The lessons I've learned about love have changed quite a bit in my 21 years. The thoughts I have about relationships are so much different now than when I was 8-years-old and dreaming of a prince or 15-years-old with a crush on the cute boy who plays the drums, or even 19-years-old thinking sex meant love. I know that my opinions and feelings about love will continue to change the older I get, however, one thing that will never change is how I feel when I'm seeing someone who has a lingering heart.
Loving someone who isn't sure if they love you or someone else is the most painful form of self-destruction. It will take every bit of you slowly until you realize that you can no longer go on loving someone with all of your heart when they can only give you maybe half. My time is now, as I've finally realized I can no longer have love for someone who isn't sure who they would rather have.
Please, choose her.
And when you choose her, give her everything. Give her your sleepy morning kisses at 9 a.m., your afternoon lunch dates, your wild Friday nights and your cozy Sundays spent in bed. Give her everything in between as well. Give her the feelings you still have for me because those are now unrequited and deserve to be spent on someone who longs for you.
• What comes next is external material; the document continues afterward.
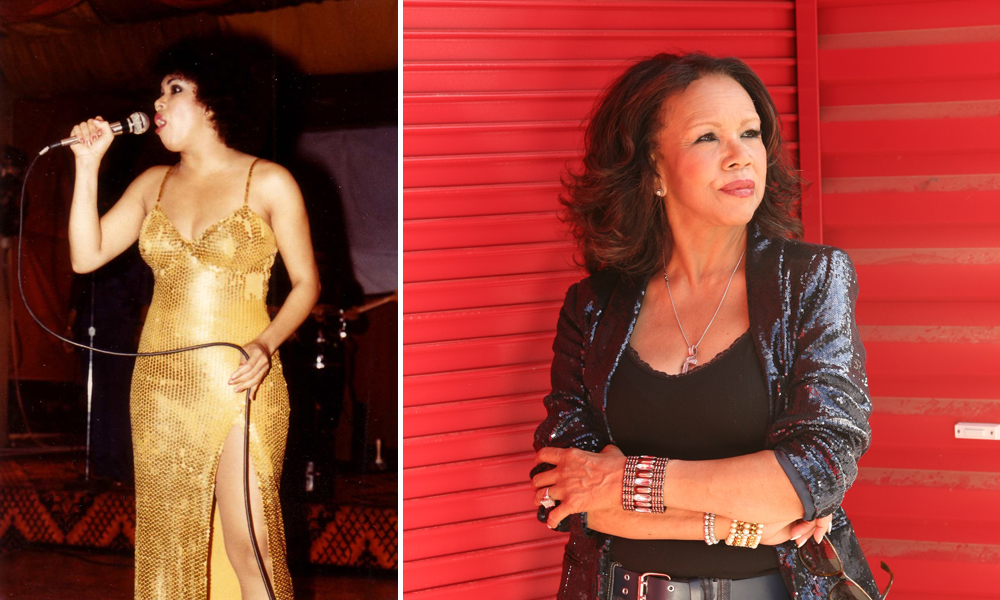 Disco Dynasty - CANDI STATON THE HIT DISTURBER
There's a reason you keep feeling like you need to go back to her. There's something about her you can't give up, and that's okay. Take the feelings you have and pour them into her and see what the two of you can become. Maybe it will be something truly beautiful, something you feel like you've spent your whole life looking for. Something better than the chaos we created.
Do not let what we had hold you back, because when your heart starts to linger it's time to let that go. It's better to let each other go than to continue to lead each other on and damage each other farther than we already have. Am I saying this is easy for me? Not at all. It isn't. And I'm sure it won't be easy for you either. Giving up someone you love will never be easy, but I've always known that I cannot continue to invest my energy into someone who wants to give their energy to someone else. I deserve so much more than that. I deserve someone who never leaves me wondering why they can't stop thinking about someone else. I deserve someone who will give me their all. I deserve someone who is my biggest cheerleader and who constantly feels like a middle schooler crushing on me. And while we may have had that for a while, those are now the feelings you have for her and the feelings you need to explore.
I'm letting you go because it's best for both of us. I'm letting you go because I know this is the right decision.
Please do not choose me. Please choose her.